====== Extracted information

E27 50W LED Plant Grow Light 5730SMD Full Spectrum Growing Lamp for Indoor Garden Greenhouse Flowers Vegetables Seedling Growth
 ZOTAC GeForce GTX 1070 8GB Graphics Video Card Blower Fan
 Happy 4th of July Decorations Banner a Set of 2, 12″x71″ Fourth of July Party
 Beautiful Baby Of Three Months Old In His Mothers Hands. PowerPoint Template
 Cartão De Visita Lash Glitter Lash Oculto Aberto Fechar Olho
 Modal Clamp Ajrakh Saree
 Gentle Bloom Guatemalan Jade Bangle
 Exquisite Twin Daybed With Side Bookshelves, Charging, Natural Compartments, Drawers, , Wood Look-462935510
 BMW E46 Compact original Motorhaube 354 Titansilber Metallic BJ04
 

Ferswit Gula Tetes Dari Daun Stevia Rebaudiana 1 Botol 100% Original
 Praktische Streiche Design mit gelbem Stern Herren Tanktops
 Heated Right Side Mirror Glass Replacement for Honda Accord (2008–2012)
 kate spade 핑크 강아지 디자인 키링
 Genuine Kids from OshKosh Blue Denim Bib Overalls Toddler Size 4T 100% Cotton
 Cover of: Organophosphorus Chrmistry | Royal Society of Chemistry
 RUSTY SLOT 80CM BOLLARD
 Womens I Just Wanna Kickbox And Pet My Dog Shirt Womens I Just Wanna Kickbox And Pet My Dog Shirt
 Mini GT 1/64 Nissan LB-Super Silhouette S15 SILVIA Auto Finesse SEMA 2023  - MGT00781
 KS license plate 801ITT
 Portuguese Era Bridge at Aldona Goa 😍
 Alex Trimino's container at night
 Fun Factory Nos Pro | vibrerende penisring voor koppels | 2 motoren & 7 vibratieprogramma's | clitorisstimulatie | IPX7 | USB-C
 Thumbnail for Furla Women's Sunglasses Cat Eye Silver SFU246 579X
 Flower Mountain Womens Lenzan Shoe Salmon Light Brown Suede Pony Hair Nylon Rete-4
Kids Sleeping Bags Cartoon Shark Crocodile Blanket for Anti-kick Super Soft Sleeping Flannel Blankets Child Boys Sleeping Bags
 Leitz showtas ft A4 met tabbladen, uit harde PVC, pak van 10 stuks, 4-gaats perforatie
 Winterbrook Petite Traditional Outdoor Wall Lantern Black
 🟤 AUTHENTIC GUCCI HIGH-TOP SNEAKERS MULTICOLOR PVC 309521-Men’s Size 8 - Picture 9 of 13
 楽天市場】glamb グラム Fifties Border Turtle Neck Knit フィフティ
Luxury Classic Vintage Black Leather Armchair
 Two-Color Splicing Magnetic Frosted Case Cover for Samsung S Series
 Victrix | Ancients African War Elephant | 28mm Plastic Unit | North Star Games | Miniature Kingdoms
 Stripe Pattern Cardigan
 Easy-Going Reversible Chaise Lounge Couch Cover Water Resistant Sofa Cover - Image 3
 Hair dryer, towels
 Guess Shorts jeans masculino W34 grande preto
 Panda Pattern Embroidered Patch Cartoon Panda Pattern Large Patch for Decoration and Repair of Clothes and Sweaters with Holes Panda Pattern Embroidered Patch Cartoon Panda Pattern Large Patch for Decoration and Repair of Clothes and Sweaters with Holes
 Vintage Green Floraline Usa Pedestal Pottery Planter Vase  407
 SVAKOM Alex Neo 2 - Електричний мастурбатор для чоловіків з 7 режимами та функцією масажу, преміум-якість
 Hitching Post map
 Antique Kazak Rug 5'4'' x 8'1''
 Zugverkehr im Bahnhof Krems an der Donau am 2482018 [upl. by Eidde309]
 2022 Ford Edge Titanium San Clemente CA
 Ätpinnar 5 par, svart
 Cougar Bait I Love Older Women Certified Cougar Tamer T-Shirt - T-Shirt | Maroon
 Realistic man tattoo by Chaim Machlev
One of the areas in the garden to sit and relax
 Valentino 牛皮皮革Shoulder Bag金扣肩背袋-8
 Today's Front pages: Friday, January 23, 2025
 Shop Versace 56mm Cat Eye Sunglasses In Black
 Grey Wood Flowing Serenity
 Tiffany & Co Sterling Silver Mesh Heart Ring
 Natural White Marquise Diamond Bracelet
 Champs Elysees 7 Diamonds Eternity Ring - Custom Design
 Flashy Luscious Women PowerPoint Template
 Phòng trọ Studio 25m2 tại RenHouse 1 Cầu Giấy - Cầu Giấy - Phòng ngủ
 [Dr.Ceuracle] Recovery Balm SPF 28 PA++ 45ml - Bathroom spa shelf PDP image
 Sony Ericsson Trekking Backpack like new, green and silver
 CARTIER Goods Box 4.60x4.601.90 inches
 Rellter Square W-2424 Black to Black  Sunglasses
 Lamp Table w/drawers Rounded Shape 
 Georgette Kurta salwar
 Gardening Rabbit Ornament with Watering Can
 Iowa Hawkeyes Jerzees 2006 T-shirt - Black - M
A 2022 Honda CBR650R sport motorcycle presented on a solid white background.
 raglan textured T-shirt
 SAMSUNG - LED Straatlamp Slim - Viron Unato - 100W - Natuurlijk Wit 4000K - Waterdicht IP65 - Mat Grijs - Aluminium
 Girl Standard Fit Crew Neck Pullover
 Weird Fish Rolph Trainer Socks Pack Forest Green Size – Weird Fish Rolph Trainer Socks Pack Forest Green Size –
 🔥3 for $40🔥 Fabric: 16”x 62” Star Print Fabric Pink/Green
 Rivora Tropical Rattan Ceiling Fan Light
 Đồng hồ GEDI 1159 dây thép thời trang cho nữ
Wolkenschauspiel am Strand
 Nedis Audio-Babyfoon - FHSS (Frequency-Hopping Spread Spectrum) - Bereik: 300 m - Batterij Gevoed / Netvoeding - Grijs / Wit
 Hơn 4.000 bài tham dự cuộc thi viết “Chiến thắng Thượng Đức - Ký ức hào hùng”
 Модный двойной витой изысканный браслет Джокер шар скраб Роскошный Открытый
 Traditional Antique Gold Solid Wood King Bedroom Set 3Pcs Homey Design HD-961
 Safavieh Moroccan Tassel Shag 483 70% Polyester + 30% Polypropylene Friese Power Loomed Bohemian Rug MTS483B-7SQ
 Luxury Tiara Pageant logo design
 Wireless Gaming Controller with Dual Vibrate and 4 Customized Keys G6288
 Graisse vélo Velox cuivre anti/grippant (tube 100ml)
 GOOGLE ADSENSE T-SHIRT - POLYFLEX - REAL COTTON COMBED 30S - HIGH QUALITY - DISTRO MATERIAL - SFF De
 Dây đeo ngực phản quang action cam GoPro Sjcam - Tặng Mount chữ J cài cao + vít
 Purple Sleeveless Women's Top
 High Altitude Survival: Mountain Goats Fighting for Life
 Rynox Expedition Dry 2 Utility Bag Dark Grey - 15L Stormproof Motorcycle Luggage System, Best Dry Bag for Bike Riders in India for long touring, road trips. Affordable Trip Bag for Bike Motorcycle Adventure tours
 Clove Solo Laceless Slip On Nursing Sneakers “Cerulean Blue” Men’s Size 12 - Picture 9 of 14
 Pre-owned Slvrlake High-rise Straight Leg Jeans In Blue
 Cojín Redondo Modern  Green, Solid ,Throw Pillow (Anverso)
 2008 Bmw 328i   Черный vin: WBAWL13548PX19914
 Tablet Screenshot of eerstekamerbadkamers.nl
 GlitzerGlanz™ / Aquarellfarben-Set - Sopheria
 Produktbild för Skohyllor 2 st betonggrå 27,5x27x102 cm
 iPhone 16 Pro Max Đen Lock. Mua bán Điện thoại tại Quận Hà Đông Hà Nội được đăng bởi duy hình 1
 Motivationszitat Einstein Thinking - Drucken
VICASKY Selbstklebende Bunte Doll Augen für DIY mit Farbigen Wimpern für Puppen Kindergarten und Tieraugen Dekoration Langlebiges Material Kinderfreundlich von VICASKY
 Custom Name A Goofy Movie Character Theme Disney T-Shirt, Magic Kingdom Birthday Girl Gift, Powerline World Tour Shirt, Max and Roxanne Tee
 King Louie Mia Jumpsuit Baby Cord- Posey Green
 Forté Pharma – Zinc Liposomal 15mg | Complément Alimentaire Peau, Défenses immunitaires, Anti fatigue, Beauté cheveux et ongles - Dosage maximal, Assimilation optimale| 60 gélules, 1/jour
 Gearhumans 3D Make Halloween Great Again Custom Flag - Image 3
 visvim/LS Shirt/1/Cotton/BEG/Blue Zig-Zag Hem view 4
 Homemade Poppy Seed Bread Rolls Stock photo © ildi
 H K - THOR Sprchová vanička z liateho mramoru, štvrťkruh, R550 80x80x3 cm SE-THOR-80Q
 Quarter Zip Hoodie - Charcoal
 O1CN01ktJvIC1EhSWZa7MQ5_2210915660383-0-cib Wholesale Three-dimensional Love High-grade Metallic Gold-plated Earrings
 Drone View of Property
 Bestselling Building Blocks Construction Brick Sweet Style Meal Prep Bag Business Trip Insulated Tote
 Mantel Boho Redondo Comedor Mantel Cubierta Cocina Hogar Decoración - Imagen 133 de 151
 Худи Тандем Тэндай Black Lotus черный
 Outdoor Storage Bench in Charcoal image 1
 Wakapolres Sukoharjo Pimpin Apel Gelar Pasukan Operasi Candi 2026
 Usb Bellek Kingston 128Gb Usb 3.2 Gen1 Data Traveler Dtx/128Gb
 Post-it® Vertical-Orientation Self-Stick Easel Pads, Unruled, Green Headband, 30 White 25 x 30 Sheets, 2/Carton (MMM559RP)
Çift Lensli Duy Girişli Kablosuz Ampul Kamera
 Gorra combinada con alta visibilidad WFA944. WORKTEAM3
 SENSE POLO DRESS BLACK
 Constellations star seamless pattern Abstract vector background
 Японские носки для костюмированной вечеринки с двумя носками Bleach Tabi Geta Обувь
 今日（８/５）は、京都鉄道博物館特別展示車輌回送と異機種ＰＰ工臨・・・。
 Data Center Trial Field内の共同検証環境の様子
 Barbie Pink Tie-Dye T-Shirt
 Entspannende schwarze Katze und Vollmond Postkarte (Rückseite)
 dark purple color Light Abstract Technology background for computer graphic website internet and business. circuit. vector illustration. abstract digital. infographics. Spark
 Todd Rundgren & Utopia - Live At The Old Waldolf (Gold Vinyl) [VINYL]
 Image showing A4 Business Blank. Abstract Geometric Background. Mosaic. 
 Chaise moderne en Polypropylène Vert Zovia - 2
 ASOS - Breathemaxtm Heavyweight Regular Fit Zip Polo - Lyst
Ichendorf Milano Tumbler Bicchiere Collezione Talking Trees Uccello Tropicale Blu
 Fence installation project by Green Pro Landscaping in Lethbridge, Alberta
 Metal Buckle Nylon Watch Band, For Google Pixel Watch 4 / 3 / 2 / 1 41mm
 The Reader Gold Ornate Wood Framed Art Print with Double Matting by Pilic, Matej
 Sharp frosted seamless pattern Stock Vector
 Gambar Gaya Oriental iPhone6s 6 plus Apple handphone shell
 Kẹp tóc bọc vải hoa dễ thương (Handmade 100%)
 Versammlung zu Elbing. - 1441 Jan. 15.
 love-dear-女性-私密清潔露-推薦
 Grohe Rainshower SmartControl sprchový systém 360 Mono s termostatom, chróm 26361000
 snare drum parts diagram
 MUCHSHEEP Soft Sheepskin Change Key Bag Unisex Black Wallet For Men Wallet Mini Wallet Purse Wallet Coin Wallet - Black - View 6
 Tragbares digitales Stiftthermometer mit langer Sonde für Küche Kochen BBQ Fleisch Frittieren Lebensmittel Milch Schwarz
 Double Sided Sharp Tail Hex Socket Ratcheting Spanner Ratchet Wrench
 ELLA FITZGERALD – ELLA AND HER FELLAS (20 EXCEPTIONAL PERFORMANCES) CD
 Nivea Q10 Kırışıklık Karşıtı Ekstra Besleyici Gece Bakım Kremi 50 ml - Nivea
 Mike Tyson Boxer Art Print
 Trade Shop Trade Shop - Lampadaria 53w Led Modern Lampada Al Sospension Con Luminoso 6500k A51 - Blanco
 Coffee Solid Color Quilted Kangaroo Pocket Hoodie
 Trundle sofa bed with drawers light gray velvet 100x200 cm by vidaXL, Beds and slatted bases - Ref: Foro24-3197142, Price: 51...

============

From the records above, copy out the line with "SENSE POLO DRESS BLACK", the line with "ELLA FITZGERALD –", and every line between them, word for word.

Exercise response:
 SENSE POLO DRESS BLACK
 Constellations star seamless pattern Abstract vector background
 Японские носки для костюмированной вечеринки с двумя носками Bleach Tabi Geta Обувь
 今日（８/５）は、京都鉄道博物館特別展示車輌回送と異機種ＰＰ工臨・・・。
 Data Center Trial Field内の共同検証環境の様子
 Barbie Pink Tie-Dye T-Shirt
 Entspannende schwarze Katze und Vollmond Postkarte (Rückseite)
 dark purple color Light Abstract Technology background for computer graphic website internet and business. circuit. vector illustration. abstract digital. infographics. Spark
 Todd Rundgren & Utopia - Live At The Old Waldolf (Gold Vinyl) [VINYL]
 Image showing A4 Business Blank. Abstract Geometric Background. Mosaic. 
 Chaise moderne en Polypropylène Vert Zovia - 2
 ASOS - Breathemaxtm Heavyweight Regular Fit Zip Polo - Lyst
Ichendorf Milano Tumbler Bicchiere Collezione Talking Trees Uccello Tropicale Blu
 Fence installation project by Green Pro Landscaping in Lethbridge, Alberta
 Metal Buckle Nylon Watch Band, For Google Pixel Watch 4 / 3 / 2 / 1 41mm
 The Reader Gold Ornate Wood Framed Art Print with Double Matting by Pilic, Matej
 Sharp frosted seamless pattern Stock Vector
 Gambar Gaya Oriental iPhone6s 6 plus Apple handphone shell
 Kẹp tóc bọc vải hoa dễ thương (Handmade 100%)
 Versammlung zu Elbing. - 1441 Jan. 15.
 love-dear-女性-私密清潔露-推薦
 Grohe Rainshower SmartControl sprchový systém 360 Mono s termostatom, chróm 26361000
 snare drum parts diagram
 MUCHSHEEP Soft Sheepskin Change Key Bag Unisex Black Wallet For Men Wallet Mini Wallet Purse Wallet Coin Wallet - Black - View 6
 Tragbares digitales Stiftthermometer mit langer Sonde für Küche Kochen BBQ Fleisch Frittieren Lebensmittel Milch Schwarz
 Double Sided Sharp Tail Hex Socket Ratcheting Spanner Ratchet Wrench
 ELLA FITZGERALD – ELLA AND HER FELLAS (20 EXCEPTIONAL PERFORMANCES) CD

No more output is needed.